Gerald Mandl
- Full name: Gerald Mandl
- Country (sports): Austria
- Born: 12 November 1970 (age 55) Graz, Austria
- Plays: Left-handed
- Prize money: $113,624

Singles
- Career record: 4–9
- Career titles: 0
- Highest ranking: No. 186 (123 February 1998)

Doubles
- Career record: 4–12
- Career titles: 0
- Highest ranking: No. 211 (12 August 1996)

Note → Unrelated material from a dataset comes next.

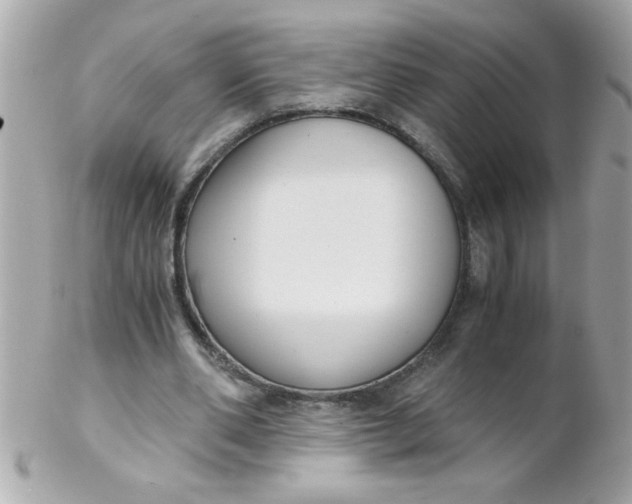 X0000102300486200808152021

Grand Slam doubles results
- Wimbledon: 1R (1996)

= Gerald Mandl =

Austrian tennis player

Gerald Mandl (born 12 November 1970) is a former professional tennis player from Austria.

==Biography==
A left-hander from Sankt Johann, Mandl first represented Austria at Davis Cup level in 1991, for a World Group qualifier against Great Britain in Manchester. His loss in the doubles with Thomas Muster gave the tie to the home side and he got a consolation win in the reverse singles by beating Jeremy Bates. When he next played for Austria in 1992 it was in another World Group qualifier, against Canada in Vancouver. He teamed up with Alex Antonitsch to beat Grant Connell and Glenn Michibata in the doubles, over five sets, which gave Austria a 2–1 lead. Antonitsch then won in the reverse singles to secure Austria's place in the World Group for 1993.

On the ATP Tour, Mandl made it to as high as 186 in the world, twice reaching the second round at the Austrian Open Kitzbühel and once in Munich. In doubles he was a quarter-finalist at Kitzbuhel in 1996 with Georg Blumauer. His only Grand Slam main draw appearance was in doubles, partnering Macedonian player Aleksandar Kitinov at the 1996 Wimbledon Championships. They had to battle through the qualifying rounds, securing a spot in the main draw with a five set win, before they were beaten in the first round by Richey Reneberg and Jim Grabb.

After a four-year absence he was selected for the Davis Cup again in 1997, for a tie against Zimbabwe. He played his fourth and final tie in Israel the following year and finished with a 2/4 overall record in Davis Cup matches.

Mandl now runs a tennis academy in Salzburg. He is a former coach of Anke Huber and Barbara Schett.